Did you make that or get if from somewhere?


----------



## IbizaXL (Sep 21, 2005)

ZÆ said:


> Did you make that or get if from somewhere?


lets just say i "burrowed" it from the Heat's website indefinetly.... :biggrin:


----------



## Wade2Bosh (Mar 31, 2004)

Gio305 said:


> Im also curious about something, and this is off topic..
> 
> anyone remember the flash-banner i added to the first game thread vs the Bulls? if you guys want, ill add that banner to every game thread from now on. just let me know


Yeah, go ahead if you want. That banner is awesome.


----------



## Ben (Nov 7, 2006)

Should be a win.
I hope Wade gets another 30+ and I hope Dorrel continues his excellent performances.
108-102 Heat.


----------



## Wade County (Jun 22, 2003)

Our defense has been pretty good lately. Dorrell should get a chance on Carter, so lets see how he does.

I say Wade has a big game - 33 points, 5 boards, 7 assists on 50% shooting and Dorrell has a solid 11 pts, 5 boards and 3 assists and plays good D.

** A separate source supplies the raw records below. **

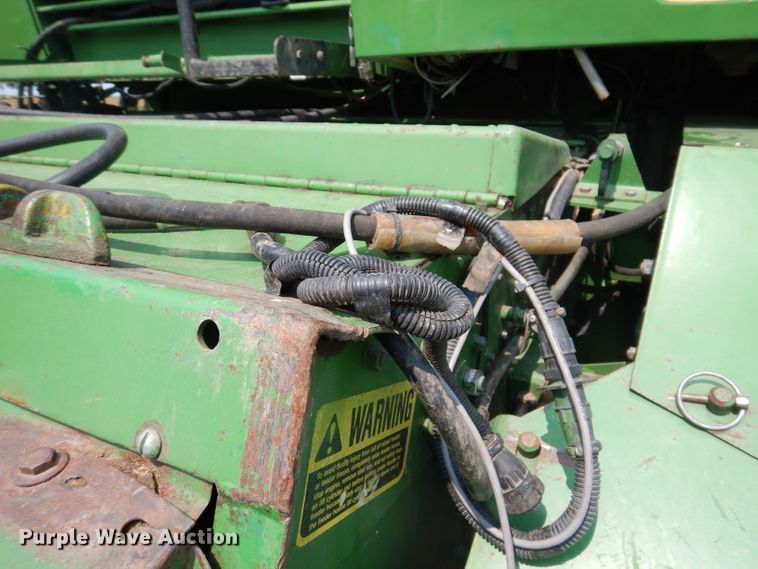 image for item IN9833 1986 John Deere 8820 Titan II  combine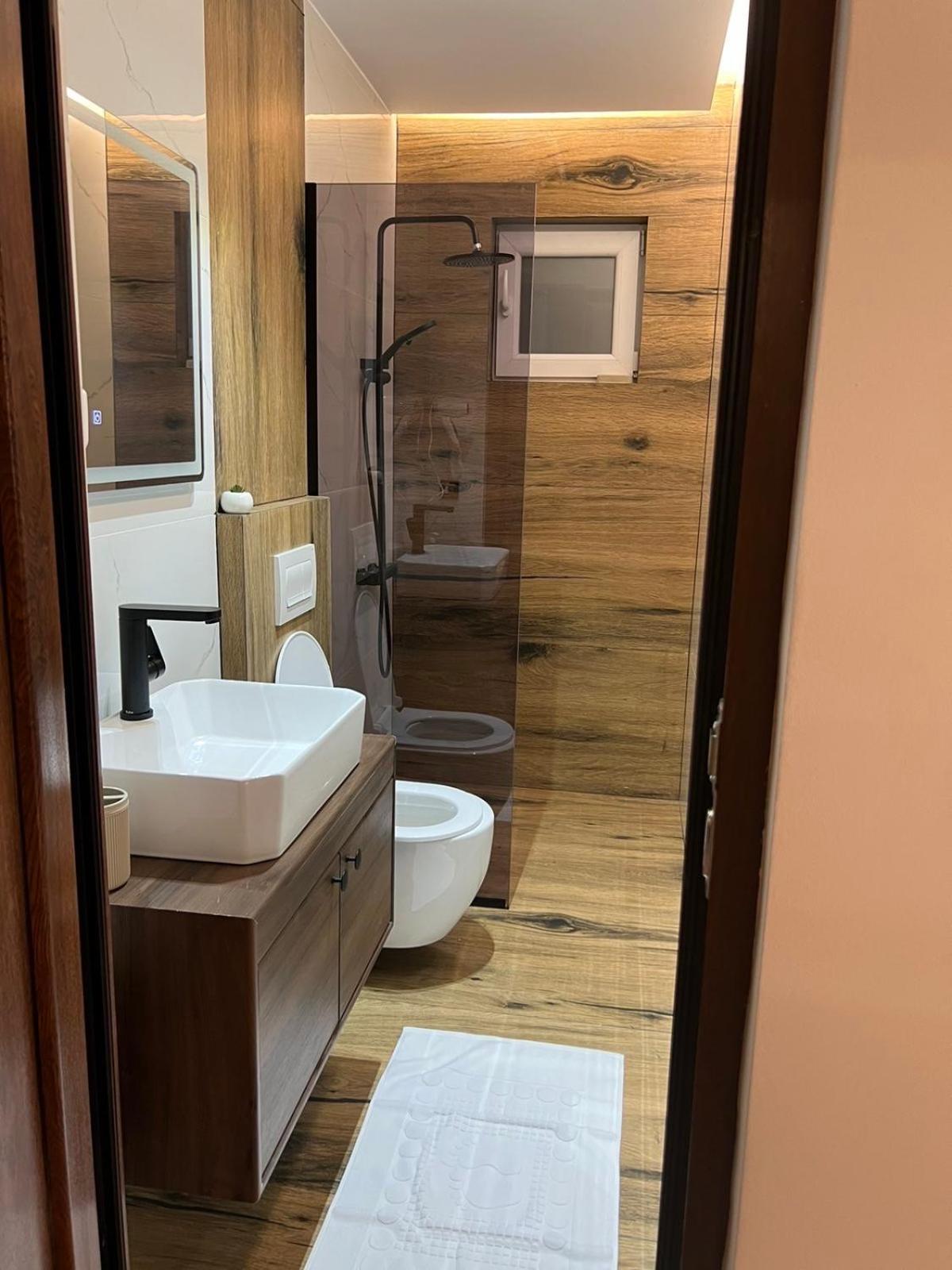 Hotel Europa Prishtina Prishtinë Ngoại thất bức ảnh
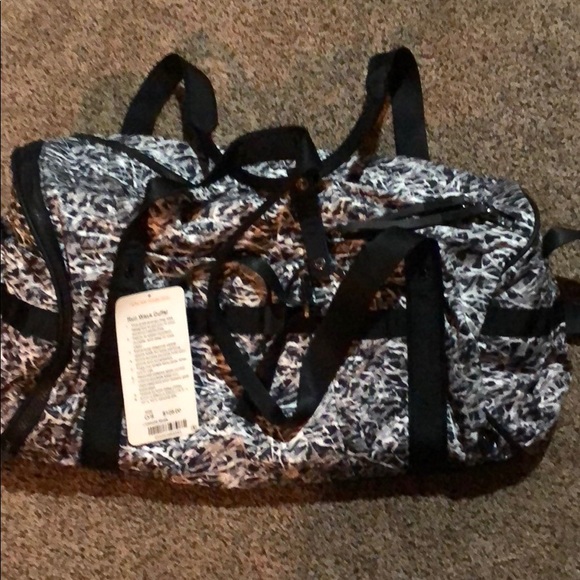 lululemon athletica Handbags - 💯 Authentic Lululemon Print Duffel Bag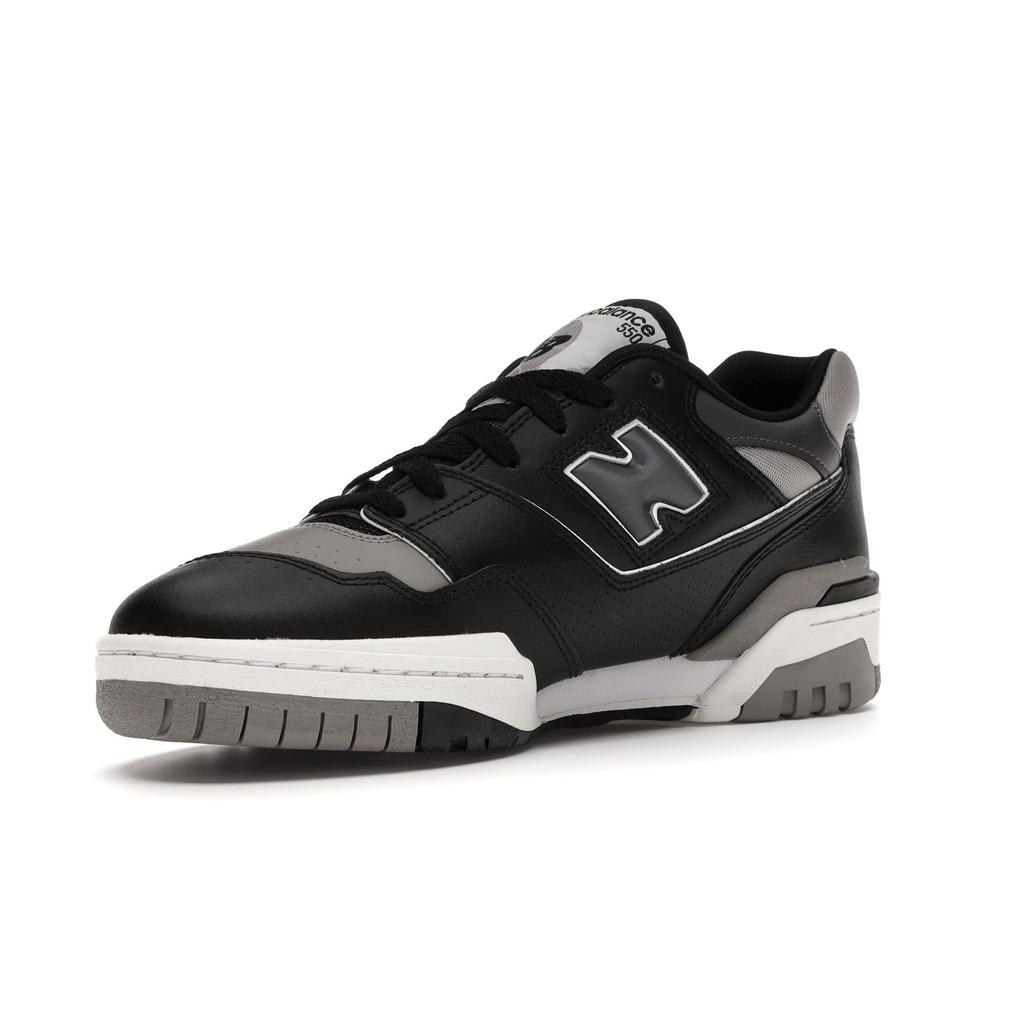 New Balance Кроссовки унисекс 550 серо-черные BB550SR1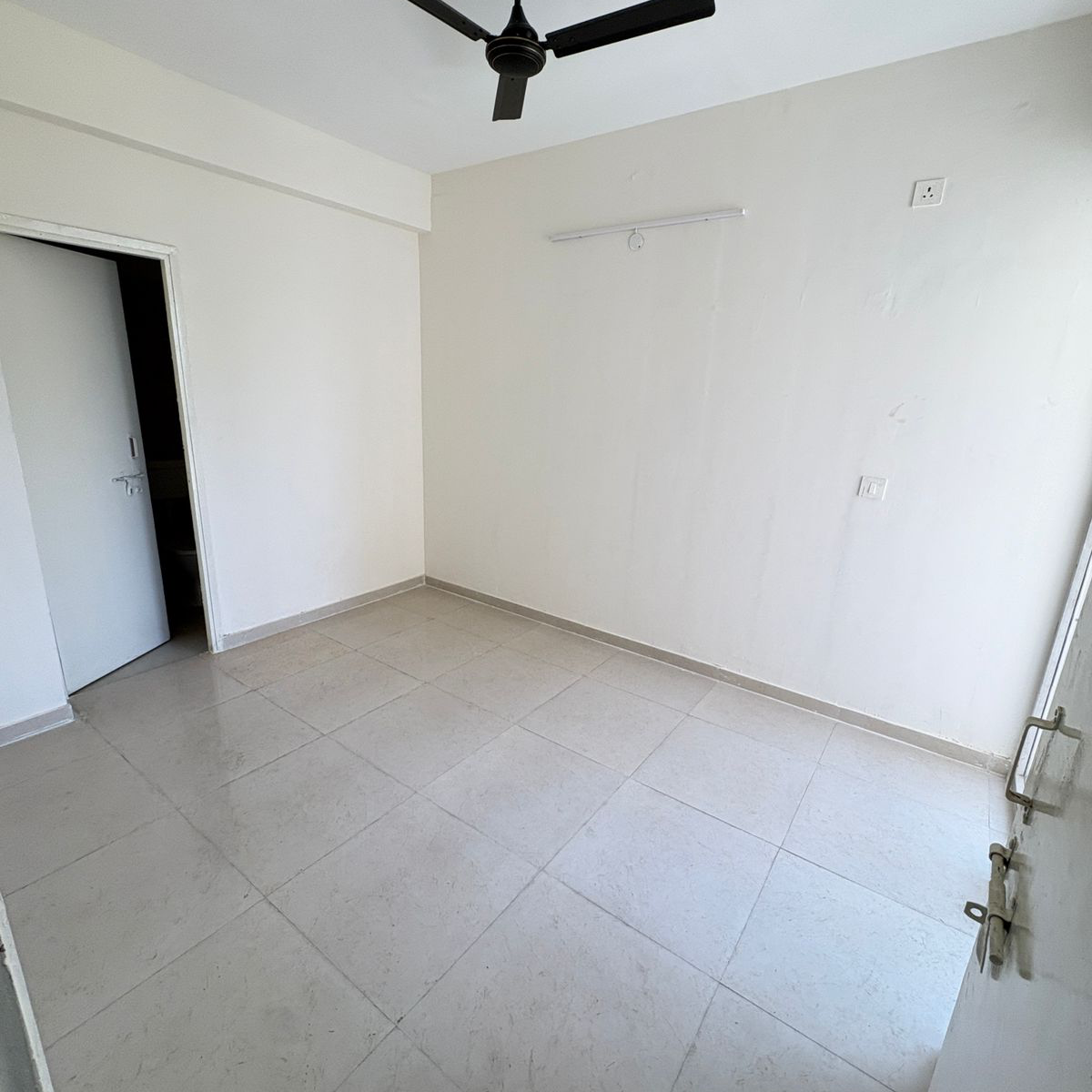 2 BHK Apartment For Rent in Signature The Millennia 2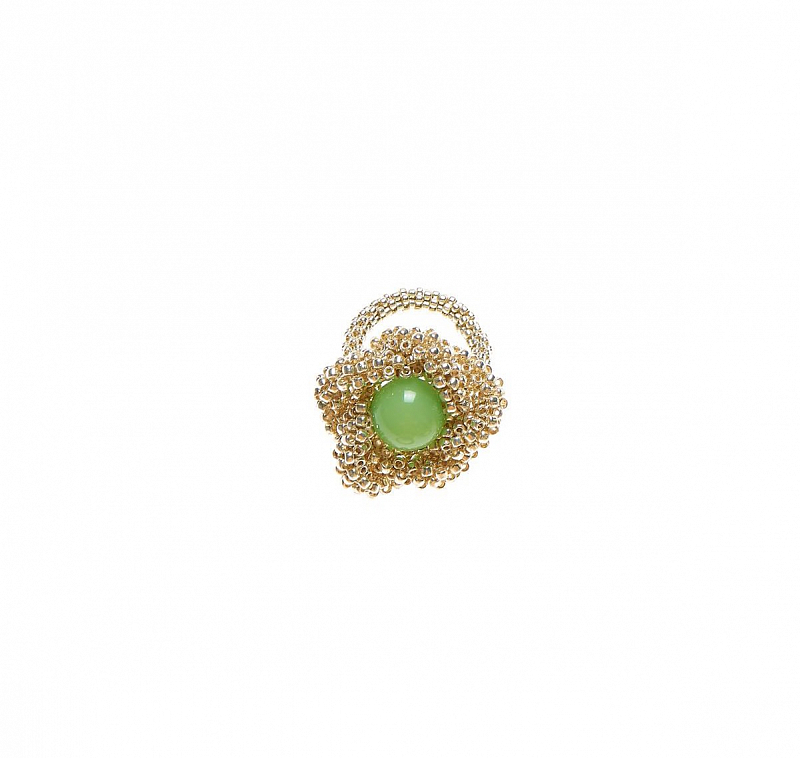 Кольцо BEADED BREAKFAST с цветком, в винтажном стиле, цвет серебро - зеленая бусина (фото 1)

Heat win 97 - 91  Book it!


----------



## L (Sep 20, 2005)

Gio305 said:


> I have a feeling Shaq will start. Another national televised game, uggh...it seems we never do well when the whole country is watching... often loosing by double-digits.
> 
> could this be a different story? i mean, *we are playing the Nets* :biggrin:


----------



## KingOfTheHeatians (Jul 22, 2005)

Wade is due for a 13-20, 35 points, 8 assists kind of game. And I'm also anxious to see how Dorell does against VC.


----------



## reHEATed (Jun 29, 2003)

its a road game, so its going to be a challenge for the early season Heat.....

we usually don't win these types of games early in the season. Hopefully with 3 days rest, and Shaq a weeks rest, it will be a different story.


----------



## DemonaL (Aug 24, 2005)

I think wade is finally picking up his rythem... should be a good game for both DW's... Shaq should be in double digits..


----------



## BlackNRed (Feb 9, 2005)

Dorrell should start.

Payton
Haslem
Shaq
Wright
Wade

I'm anxious to see him blow up for 20/10 type game. I think he can do it with starter minutes. Walker was always better coming off the bench last year.


----------



## Ben (Nov 7, 2006)

Good point there.^^
I feel that he needs that start, we get the crowd behind him even though it's away so we wont have the bigger crowd, he gets a big confidence boost, it can't go wrong, just pushing Walker for his place.


----------



## Diophantos (Nov 4, 2004)

Not sure Dorell's ready to start yet. I'd like to see more than 2 or 3 good games before I hand over the starting SF keys.

But he still should work his way into some more serious minutes.


----------



## -33- (Aug 6, 2002)

Toine showed last year he's not very effective off the bench, I wouldn't make the move unless Dorell is seriously outplaying Toine over a large chunk of the season...and then I'd still look to Posey first


----------



## BlackNRed (Feb 9, 2005)

Not to dis Toine, or Posey, they're both quality players, Toine is a very inconsistant player though, he's always been that way. I don't know if it matters if he starts or comes off the bench. His inconsistancy will remain. If he's on he's on and vice versa, but I guess i'd like to see Dorrell start because of my desire to 'get younger' not to mention the kid looks pretty darn good coming off the bench. If he continues to improve i'd like to see him start sometime this year, hopefully sooner than later.


----------



## Flash is the Future (May 12, 2006)

Heated said:


> Walker was always better coming off the bench last year.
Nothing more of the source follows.